Getting started (development)

Prerequisites

  • Linux/macOS with Bash
  • Python 3.12+
  • Node.js (LTS) and npm
  • curl (for uv installer)

1) Clone the repo

bash
git clone https://github.com/Sang-Buster/SaLED.git
cd SaLED

2) Install dependencies

Use the Makefile helpers:

bash
make install
# or
./run.sh install

This will:

  • Backend: create/refresh a uv virtual environment and sync Python deps in backend/saled.
  • Frontend: install npm packages in frontend.

Optional: install pre-commit hooks

bash
uv pip install ruff pre-commit
pre-commit install

3) Start development servers

bash
make dev
# or
./run.sh dev

To run only one side:

bash
make backend    # FastAPI only
make frontend   # Next.js only

4) Verify health

5) First transcription

Use the API UI at http://localhost:8000/docs or curl:

bash
curl -X POST "http://localhost:8000/api/transcribe/" \
  -F "file=@backend/saled/demo.wav" \
  -F "model_name=tiny.en" \
  -F "diarize=true"

Response contains job_id. Poll status:

bash
curl "http://localhost:8000/api/transcribe/status/<job_id>"

Fetch result:

bash
curl "http://localhost:8000/api/transcribe/result/<job_id>"

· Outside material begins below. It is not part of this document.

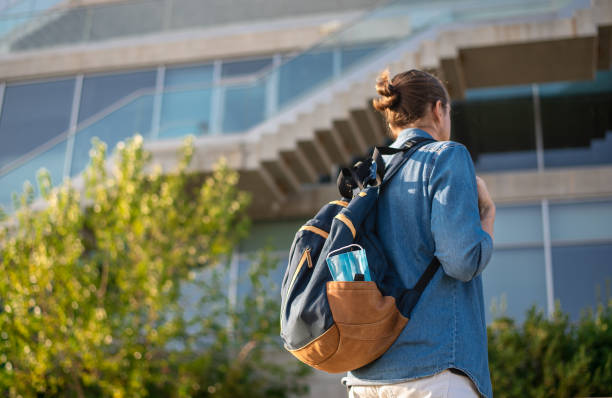 istock Back view of student with backpack and medical face mask. 1280395201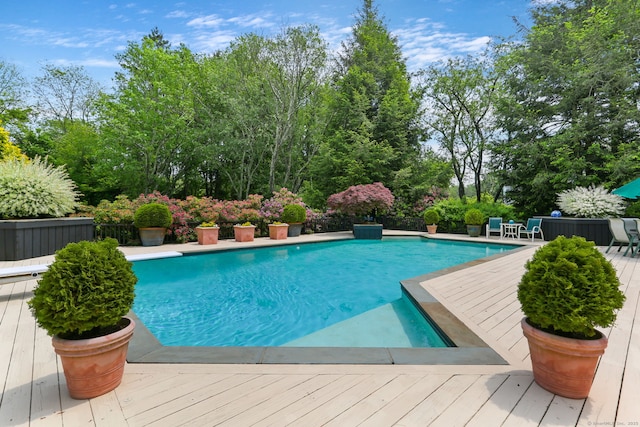 8 Hedgerow Cmn, Weston, CT 06883 - swimming pool with a wooden deck and view of wooded area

6) Using the CLI (optional)

From backend/saled:

bash
./cli.py --help
./cli.py model list
./cli.py model download tiny.en
./cli.py transcribe ../../demo.wav

Troubleshooting

  • Port conflicts: run make clean to kill prior servers.
  • Missing models: run ./cli.py model list and ./cli.py model download <name>.
  • CORS or 500s: check backend logs; every response includes X-Request-ID to trace.
  • Long audio: progress is chunked; for live updates, connect to WebSocket /api/transcribe/live/{job_id}.

Adding a new API route

  1. Create a router in app/routers/<feature>.py with Pydantic models.
  2. Register it in app/main.py with app.include_router.
  3. Implement logic in core/services/<feature>_service.py.
  4. Add tests in backend/saled/tests.

Extending transcription

  • Models: integrate new Whisper variants by extending WhisperTranscriber or mapping in MODEL_REPO_IDS.
  • Progress: emit granular messages via _update_job_status.
  • Diarization: plug in better pipelines; ensure fallbacks remain robust.

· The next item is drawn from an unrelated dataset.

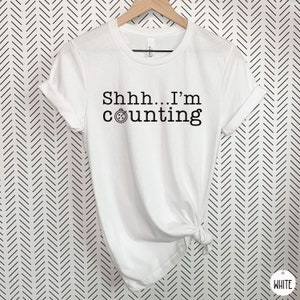 May include: White t-shirt with black text that reads "Shhh... I'm counting" and a small clock icon.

Frontend integration notes

  • The UI expects REST endpoints at /api/<feature> and a WebSocket at /api/transcribe/live/{job_id}.
  • CORS is permissive by default; tighten for production.

Production considerations

  • Persistence: move jobs/results from memory to a store (Redis/Postgres/S3 for blobs).
  • Background workers: offload long jobs to a task queue (RQ/Celery/Arq) to isolate API.
  • Rate limits/auth: introduce auth middleware and quotas.
  • Observability: structure logs with request_id; export metrics.
  • Model assets: pre-fetch and cache models using the CLI or at container build time.

Testing and linting

  • Tests live under backend/saled/tests.
  • Lint: make lint runs frontend Prettier/ESLint and backend Ruff.